** What you are asked to do **
Find the line containing "M53272 LV KEEPALL", then return it and every line after it through the end of the records, exactly. Leave out pictures.

** Dataset records **
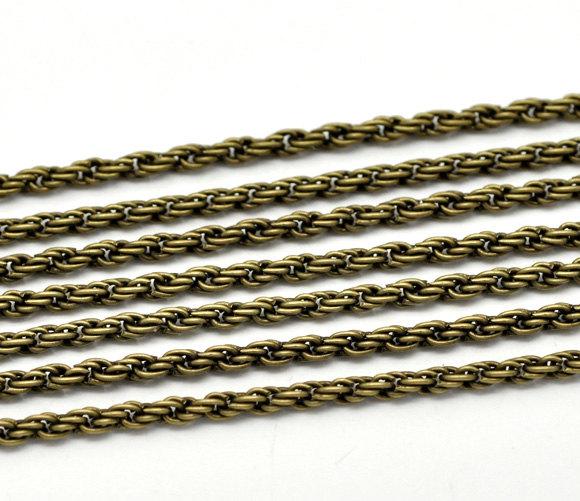 1 yard Antique Bronze Triple Link Chain 3x0.6mm fch0949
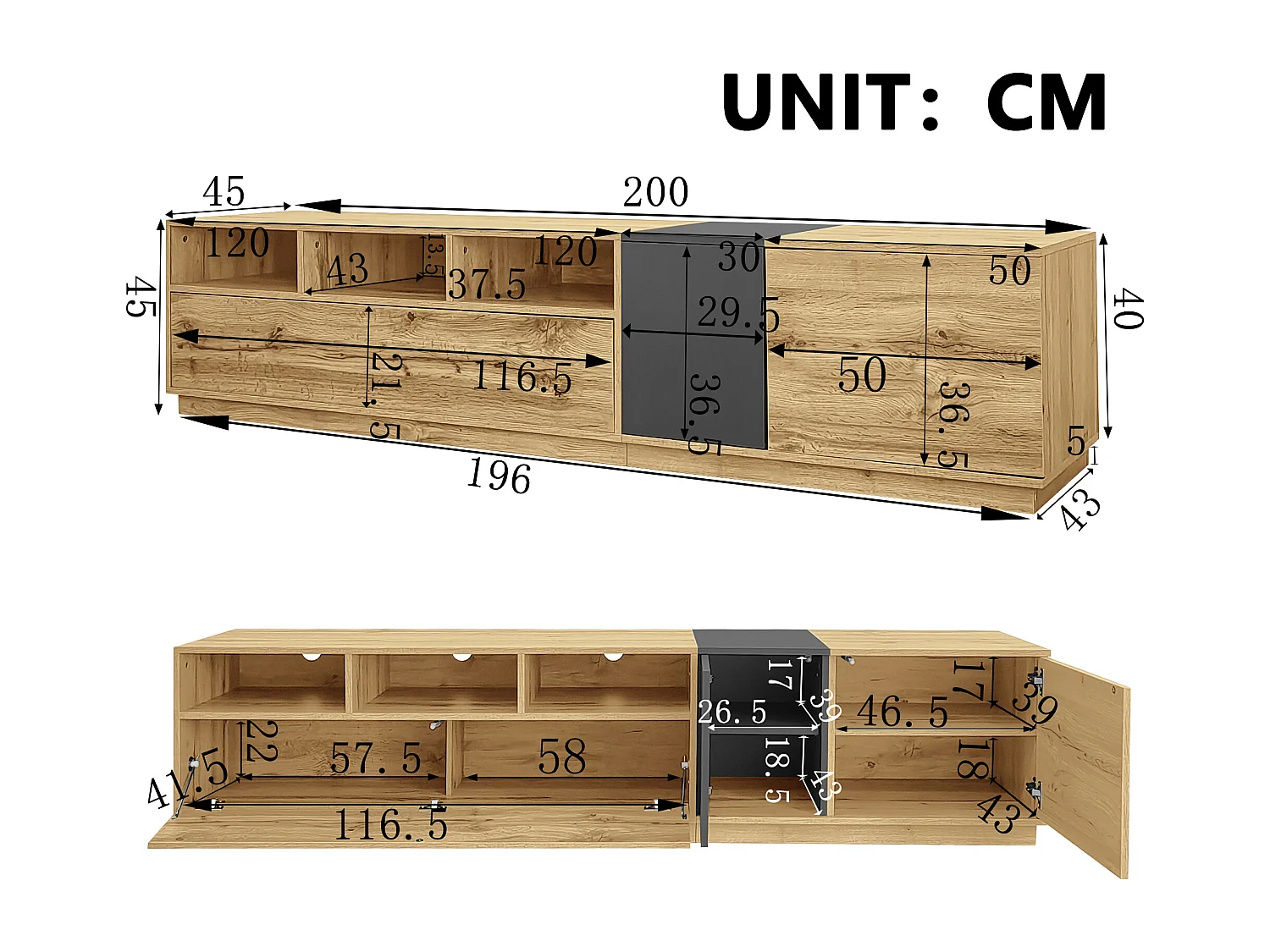 Moderner TV-Schrank - 200 x 45 x 45 cm - mit 3 Türen + offenen Fächern - Spanplatte - Natur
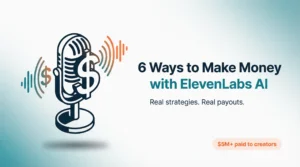 Featured image showing vintage microphone merged with dollar sign icon, representing ways to make money with ElevenLabs AI. Teal and orange gradient background with text "6 Ways to Make Money with ElevenLabs AI" and "$5M+ paid to creators" badge.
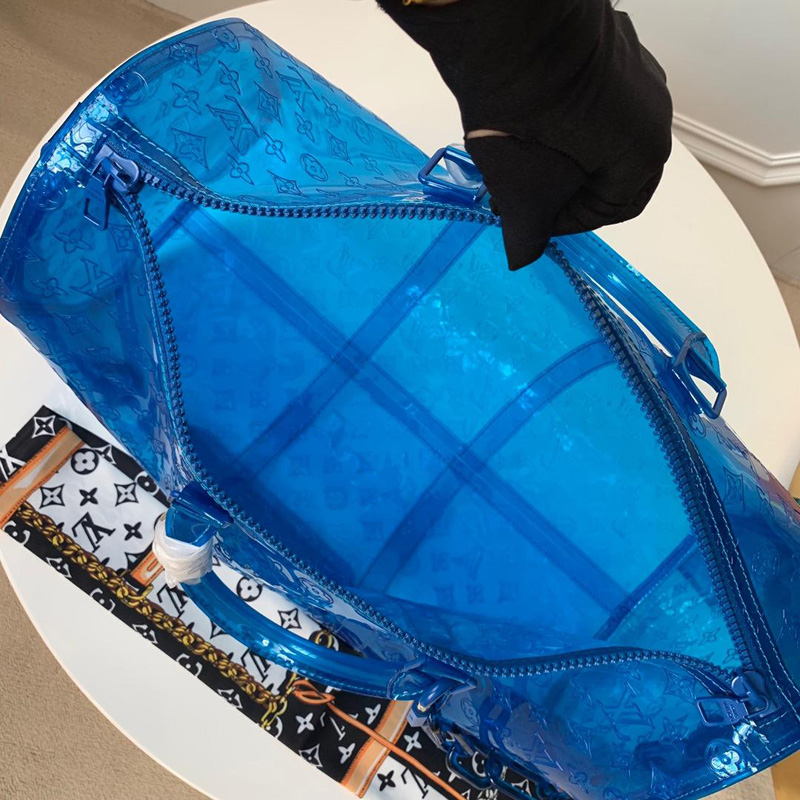M53272 LV KEEPALL 50 旅行袋(配肩带)透明Monogram印花PVC旅行袋 蓝色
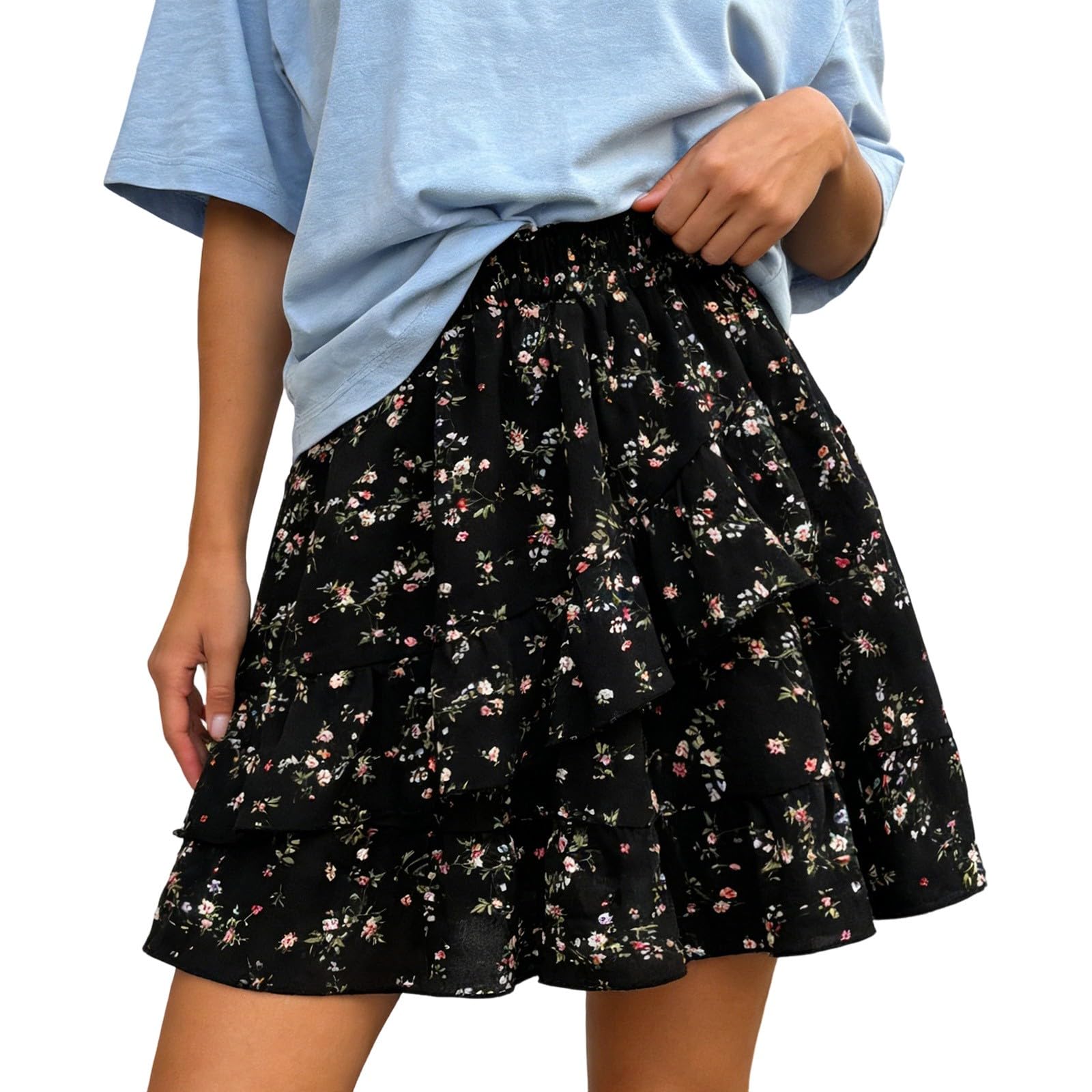 Jupe Boheme Femme Taille Élastique- Jupe Ete Imprimé Florale Évasé Volants Superposés Trapèze Chic Et Elegant Décontracté D'été Fluide Léger Comfortable Tous Les Jours De Plage Skirt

** Answer box **
M53272 LV KEEPALL 50 旅行袋(配肩带)透明Monogram印花PVC旅行袋 蓝色
 Jupe Boheme Femme Taille Élastique- Jupe Ete Imprimé Florale Évasé Volants Superposés Trapèze Chic Et Elegant Décontracté D'été Fluide Léger Comfortable Tous Les Jours De Plage Skirt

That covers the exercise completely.